Crawled caption data:
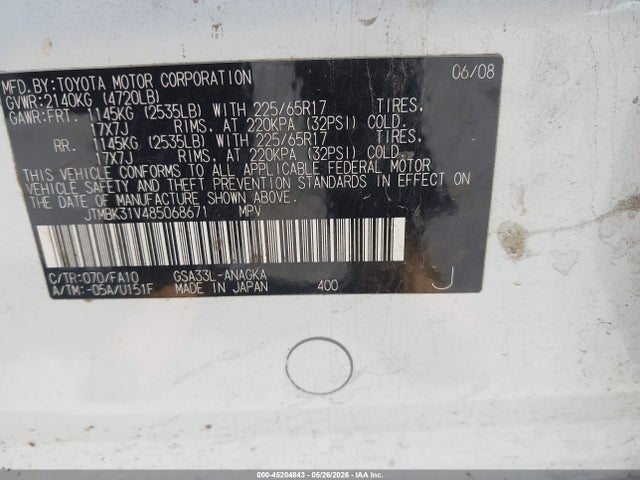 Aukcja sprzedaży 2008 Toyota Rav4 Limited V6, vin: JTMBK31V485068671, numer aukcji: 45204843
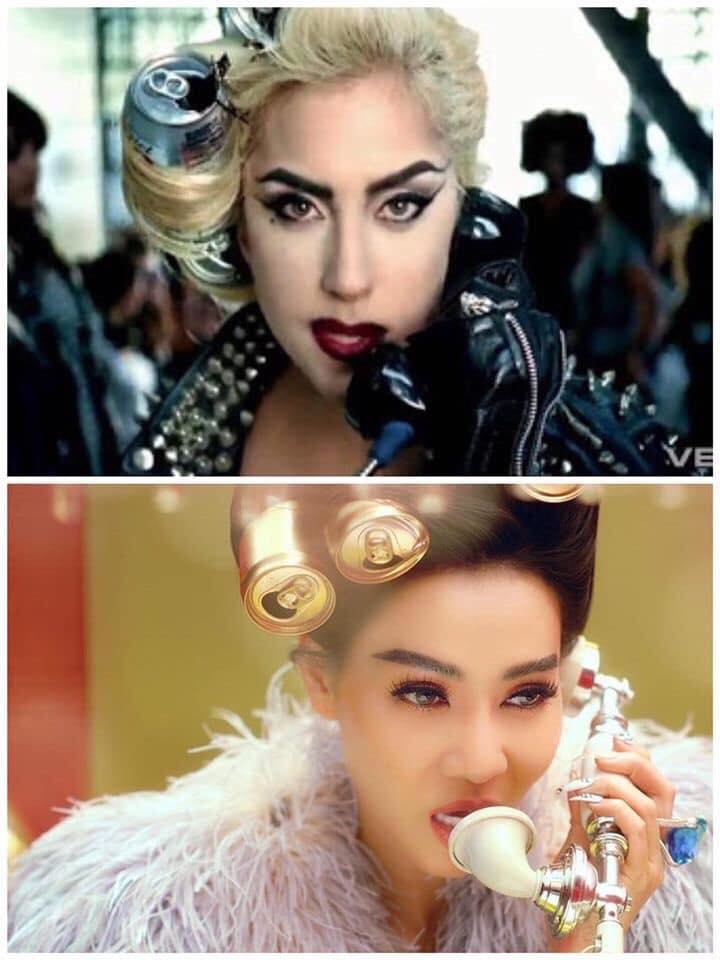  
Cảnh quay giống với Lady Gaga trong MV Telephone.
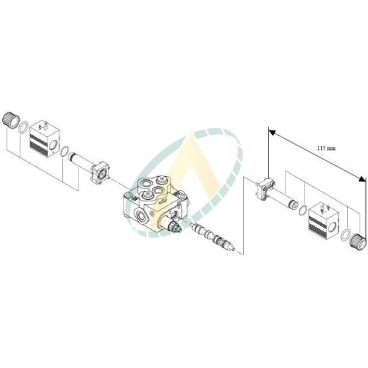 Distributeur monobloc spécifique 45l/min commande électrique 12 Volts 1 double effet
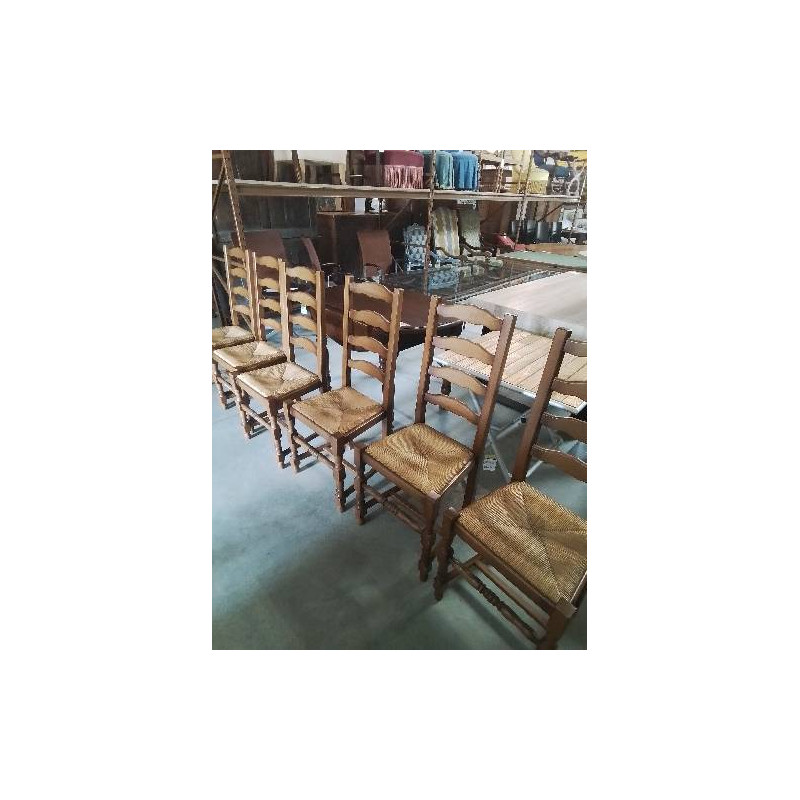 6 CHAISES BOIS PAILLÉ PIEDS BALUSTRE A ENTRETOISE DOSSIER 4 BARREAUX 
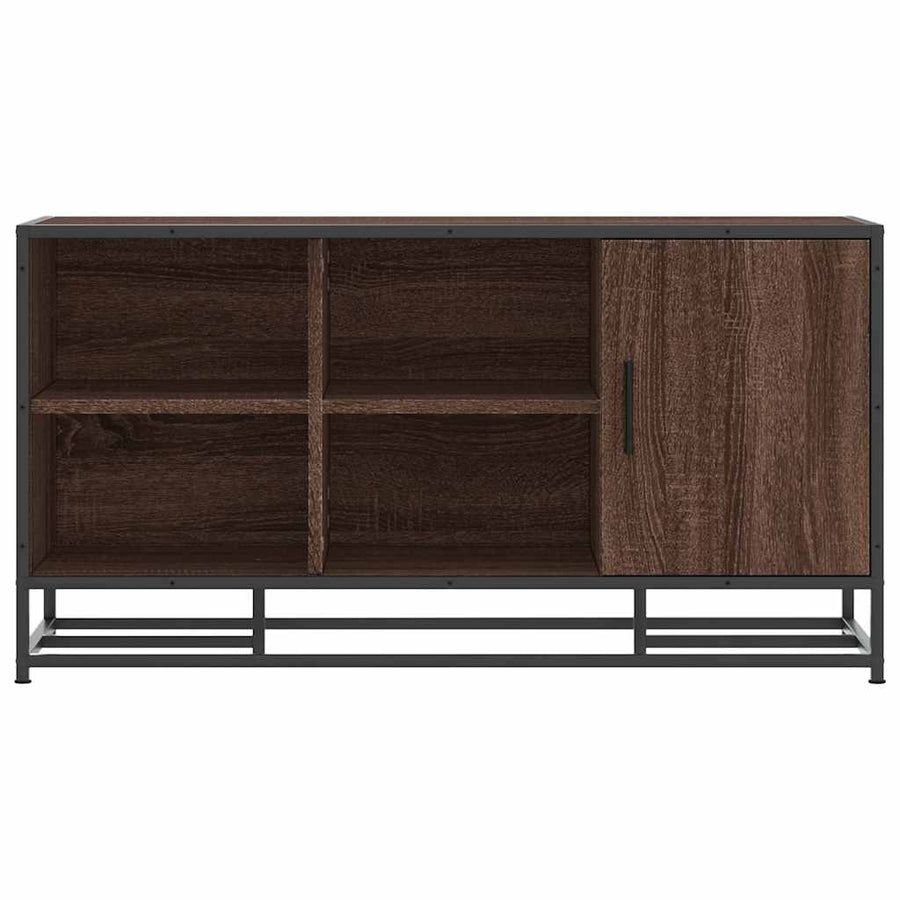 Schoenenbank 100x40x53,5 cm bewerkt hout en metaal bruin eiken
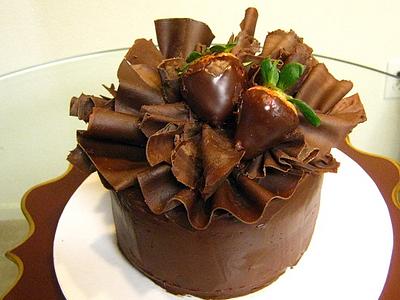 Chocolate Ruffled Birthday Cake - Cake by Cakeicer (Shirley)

● **WHAT YOU WILL DO**: The answer must consist solely of the lines from the first line of the data through the line containing "Distributeur monobloc spécifique", inclusive, reproduced exactly and without pictures.

● **RESPONSE AREA**:
 Aukcja sprzedaży 2008 Toyota Rav4 Limited V6, vin: JTMBK31V485068671, numer aukcji: 45204843
Cảnh quay giống với Lady Gaga trong MV Telephone.
 Distributeur monobloc spécifique 45l/min commande électrique 12 Volts 1 double effet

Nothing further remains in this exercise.